Maar toen de jongeling dit woord vernam, ging hij treurig heen; want hij had veel bezittingen.
23 And Jesus said unto his disciples, Verily I say unto you, It is hard for a rich man to enter into the kingdom of heaven.
Nu sprak Jesus tot zijn leerlingen: Voorwaar, Ik zeg u: het is voor een rijke moeilijk, het rijk der hemelen binnen te gaan.
24 And again I say unto you, It is easier for a camel to go through a needle’s eye, than for a rich man to enter into the kingdom of God.
En nog eens zeg Ik u: Een kameel gaat makkelijker door het oog van een naald, dan een rijke in het koninkrijk der hemelen.
25 And when the disciples heard it, they were astonished exceedingly, saying, Who then can be saved?
Toen de leerlingen dit hoorden, waren ze zeer verwonderd, en zeiden: Wie kan dan zalig worden?
26 And Jesus looking upon [them] said to them, With men this is impossible; but with God all things are possible.
Jesus zag hen aan, en sprak: Bij de mensen is dit onmogelijk; maar bij God is alles mogelijk.

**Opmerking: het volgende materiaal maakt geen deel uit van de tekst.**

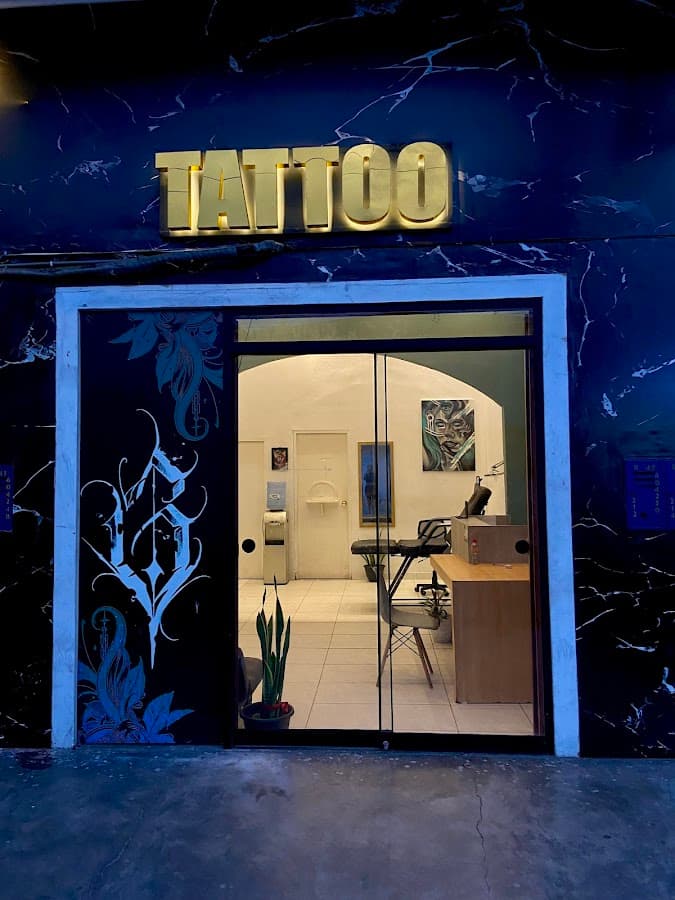 GOLDEN INK STUDIO - LOCAL DE TATUAJES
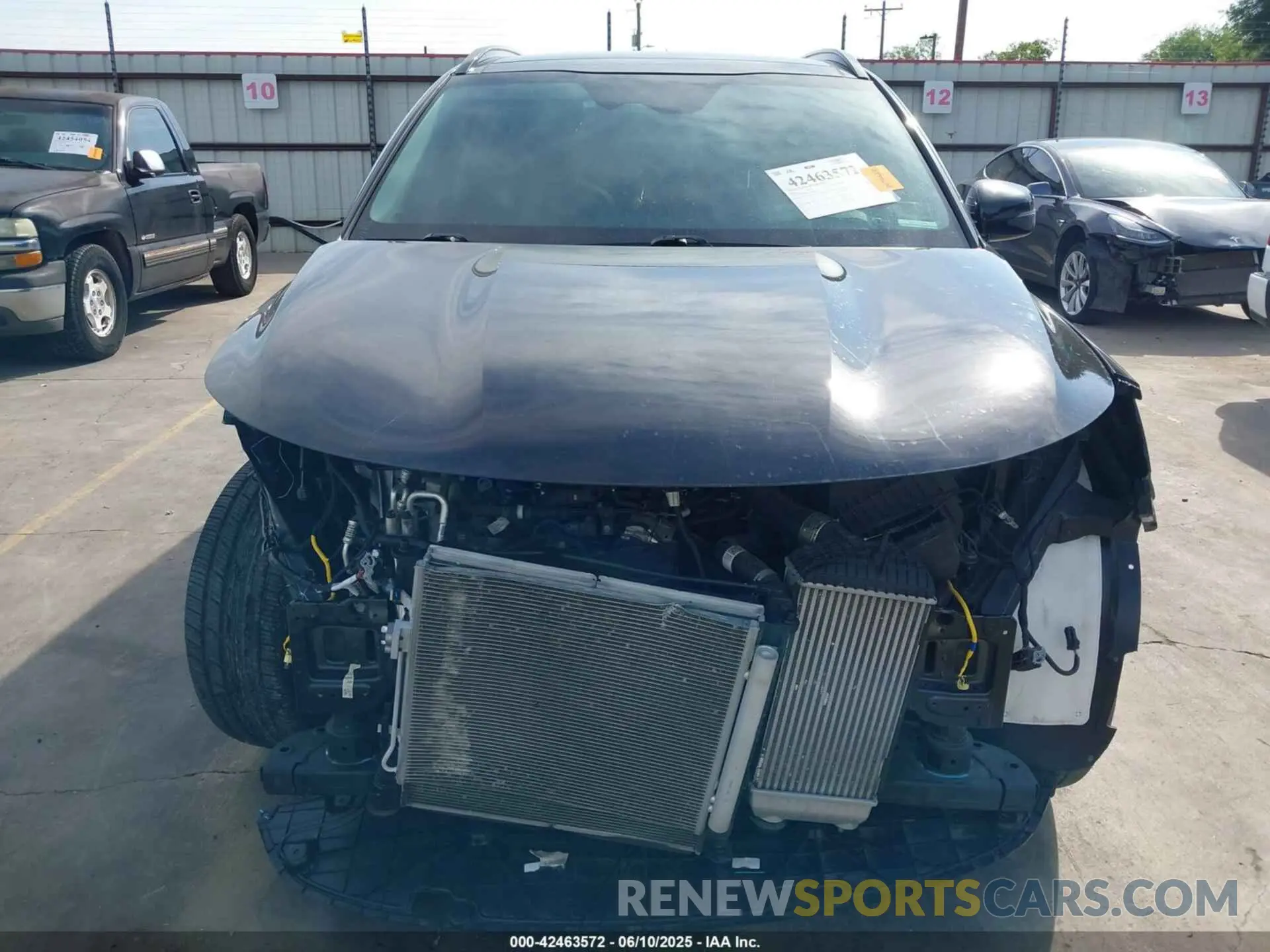 13 Photograph of a damaged car 5XYRK4LFXPG202339 KIA SORENTO 2023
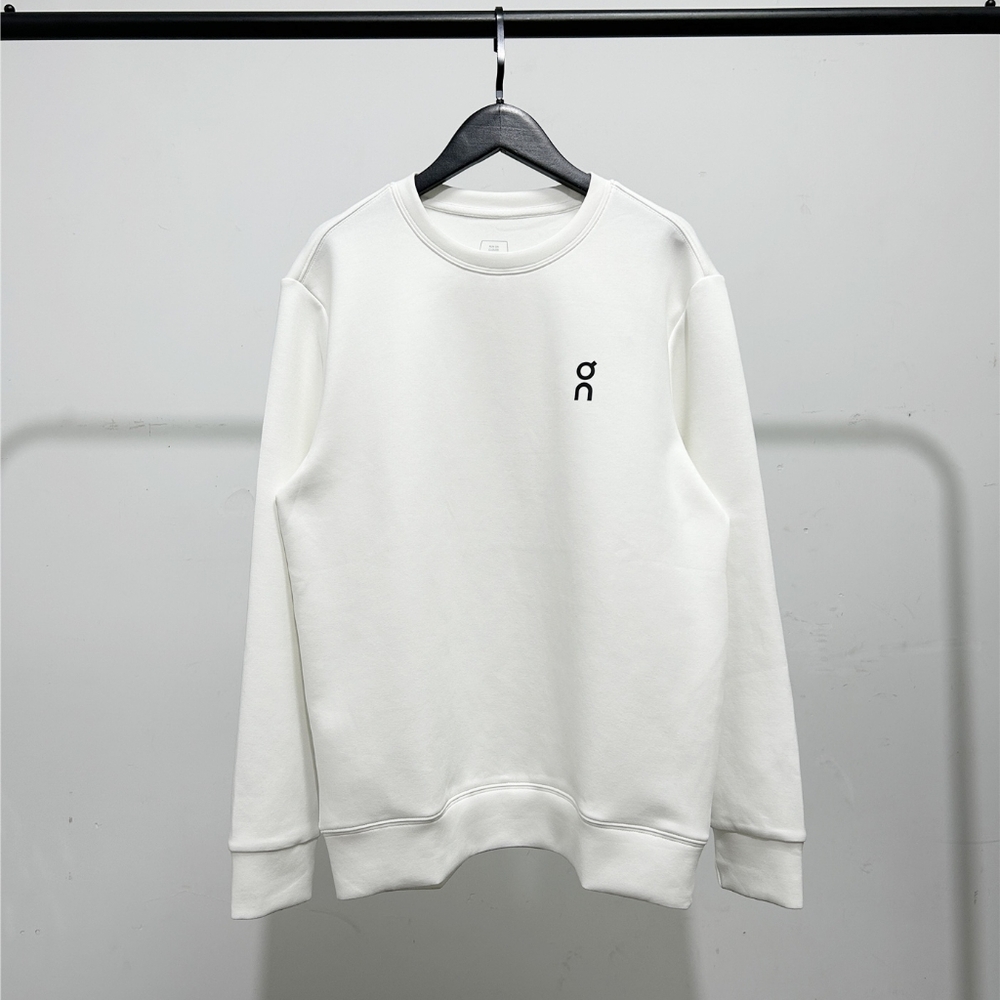 Descente crew neck sweatshirt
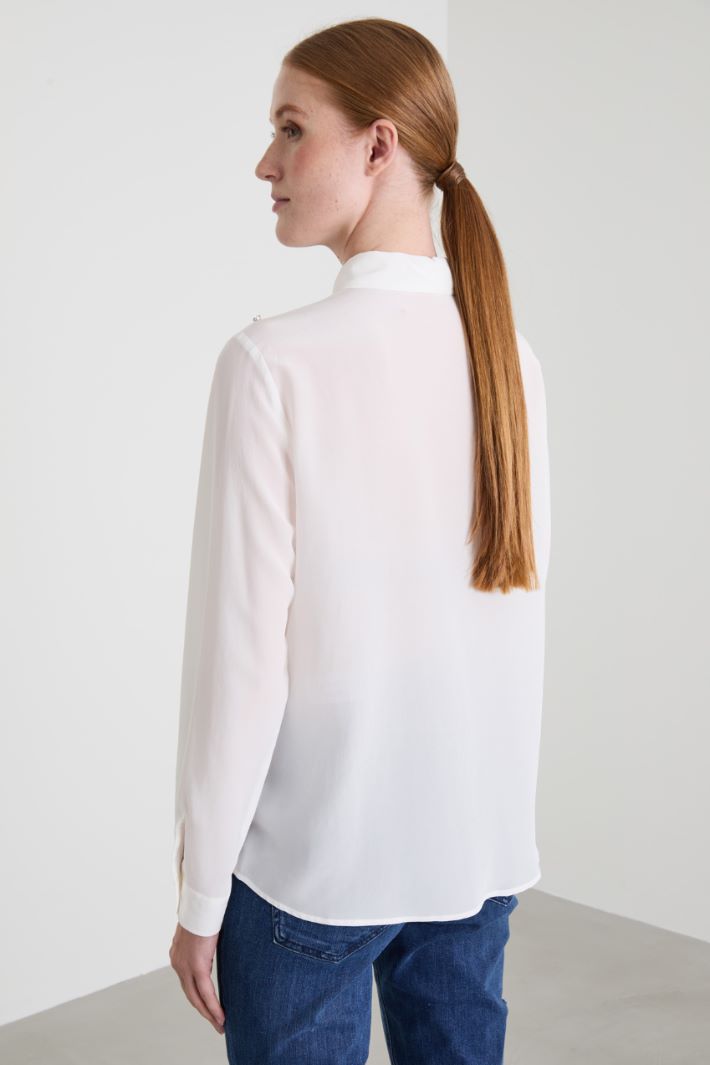 Flowing crepe shirt Intrend - 2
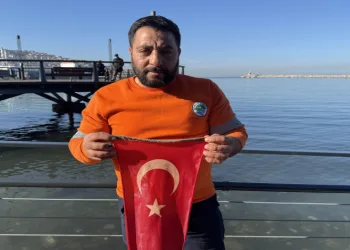 Denize düşen bayrağı çıkardı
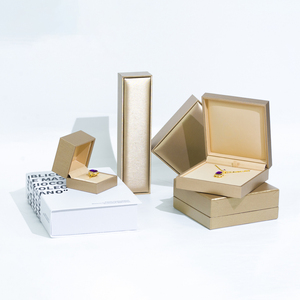 Boîtes à bijoux rectangulaires en cuir PU de luxe FORTE avec logo personnalisé et design carré pour le rangement des bracelets et des bagues, emballage en carton - Product Image 1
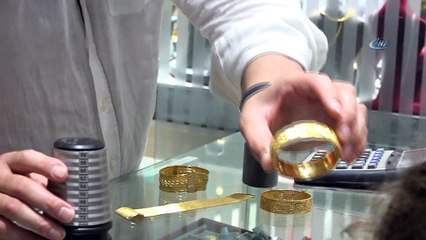 Düğünlerde burma ve hasır bileziğin yerini artık küpeler, kolyeler aldı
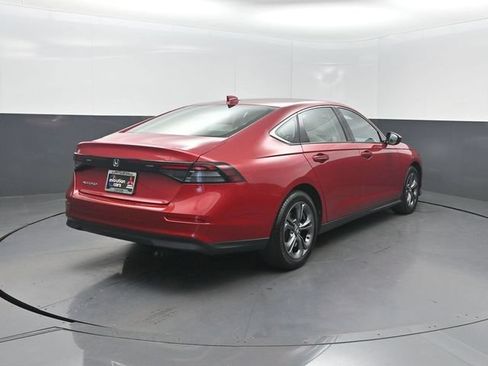 Used 2023 Honda Accord EX image 31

27 Then answered Peter and said unto him, Lo, we have left all, and followed thee; what then shall we have?
Nu nam Petrus het woord, en zeide Hem: Zie, wij hebben alles verlaten, en zijn U gevolgd; wat zullen wij dan ontvangen?
28 And Jesus said unto them, Verily I say unto you, that ye which have followed me, in the regeneration when the Son of man shall sit on the throne of his glory, ye also shall sit upon twelve thrones, judging the twelve tribes of Israel.
En Jesus sprak tot hen: Voorwaar, Ik zeg u: bij de wedergeboorte, wanneer de Mensenzoon zal zetelen op de troon zijner majesteit, dan zult ook gij, die Mij zijt gevolgd, op twaalf tronen gezeten zijn, en de twaalf stammen van Israël oordelen.
29 And every one that hath left houses, or brethren, or sisters, or father, or mother, or children, or lands, for my name’s sake, shall receive a hundredfold, and shall inherit eternal life. (aiōnios )
En al wie zijn huis, broers of zusters, vader of moeder, vrouw of kinderen of akkers verlaat om mijn Naam, hij zal het honderdvoud ontvangen, en het eeuwige leven verwerven. (aiōnios )
30 But many shall be last [that are] first; and first [that are] last.
Veel eersten zullen laatsten, en laatsten zullen eersten zijn.